紳士はいなかの料理を食べたいとお願いしたので、農夫の妻は台所へ行き、農夫は紳士をさそって仕事の続きをしに庭へ向かう。

紳士は農夫に息子はいないのかとたずねたので、農夫は自分の息子は悪さばかりするようになってもう家を出ていったきりであると話す。

紳士は今になって息子の顔がわかるかとたずねると、農夫は肩にある豆つぶほどのあざを見ればわかるという。

すると、紳士は上着を脱いで肩にあるあざを見せ、自分が農夫の息子であるということを示す。

農夫は再会をよろこんだが、息子がどろぼう名人として生計をたてていると話すととても心配する。

農夫の妻も息子との再会をよろこび、みんなで食事をしたあとに、どろぼう名人はそこの領主で自分の名づけ親である伯爵のもとにあいさつをしにいくという。

 

 

息子が馬車で伯爵のもとへ向かうと、伯爵はていねいにむかえ入れるが、息子がどろぼう名人であると正体を明かすと表情を変えた。

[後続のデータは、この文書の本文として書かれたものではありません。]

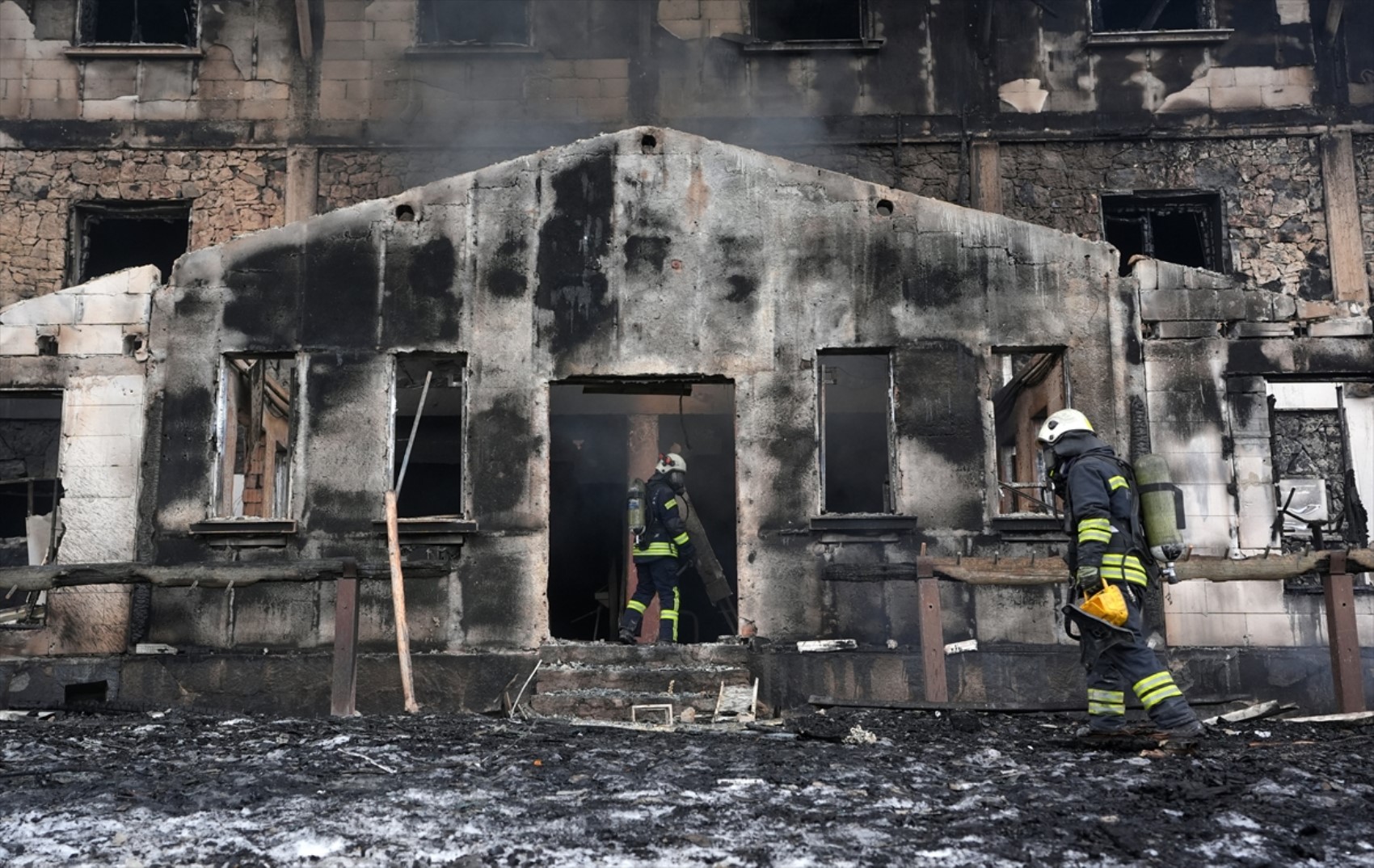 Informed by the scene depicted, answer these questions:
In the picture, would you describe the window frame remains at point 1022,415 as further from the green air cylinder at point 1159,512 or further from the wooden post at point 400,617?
the wooden post at point 400,617

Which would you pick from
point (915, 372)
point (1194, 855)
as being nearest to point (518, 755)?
point (1194, 855)

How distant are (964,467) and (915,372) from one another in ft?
3.04

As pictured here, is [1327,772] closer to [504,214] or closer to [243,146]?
[504,214]

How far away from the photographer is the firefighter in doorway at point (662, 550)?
12.1 metres

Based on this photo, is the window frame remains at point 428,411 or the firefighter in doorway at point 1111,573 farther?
the window frame remains at point 428,411

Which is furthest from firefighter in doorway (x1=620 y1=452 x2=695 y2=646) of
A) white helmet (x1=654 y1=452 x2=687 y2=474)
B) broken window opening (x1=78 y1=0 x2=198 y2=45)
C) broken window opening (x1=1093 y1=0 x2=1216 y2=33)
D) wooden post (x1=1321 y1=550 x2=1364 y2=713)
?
broken window opening (x1=78 y1=0 x2=198 y2=45)

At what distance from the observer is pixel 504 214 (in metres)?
12.0

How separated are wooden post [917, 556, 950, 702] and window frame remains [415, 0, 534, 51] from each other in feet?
31.3

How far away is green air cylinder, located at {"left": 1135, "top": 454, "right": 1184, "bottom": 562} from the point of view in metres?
7.94

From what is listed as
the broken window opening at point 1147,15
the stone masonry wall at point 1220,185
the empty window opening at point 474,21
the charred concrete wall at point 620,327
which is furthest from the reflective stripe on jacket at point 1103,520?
the empty window opening at point 474,21

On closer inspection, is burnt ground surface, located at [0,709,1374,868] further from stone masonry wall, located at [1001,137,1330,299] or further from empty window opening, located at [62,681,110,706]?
stone masonry wall, located at [1001,137,1330,299]

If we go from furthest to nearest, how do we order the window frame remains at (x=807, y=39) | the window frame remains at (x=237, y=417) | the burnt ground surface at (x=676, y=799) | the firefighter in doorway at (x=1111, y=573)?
the window frame remains at (x=807, y=39), the window frame remains at (x=237, y=417), the firefighter in doorway at (x=1111, y=573), the burnt ground surface at (x=676, y=799)

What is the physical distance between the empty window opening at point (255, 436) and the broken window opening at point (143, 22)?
17.1 ft

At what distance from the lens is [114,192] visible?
1625cm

伯爵は自分が名づけ親であるので大目に見ることにするが、これから出す3つの課題ができなければ首つりの刑にするという。

伯爵は、まず自分の愛馬を馬小屋から盗むこと、そして自分と妻が寝たあとに気づかれないようシーツと妻の結婚指輪を盗むこと、さいごに教会から牧師と教会の番人を盗むこと、を課題とした。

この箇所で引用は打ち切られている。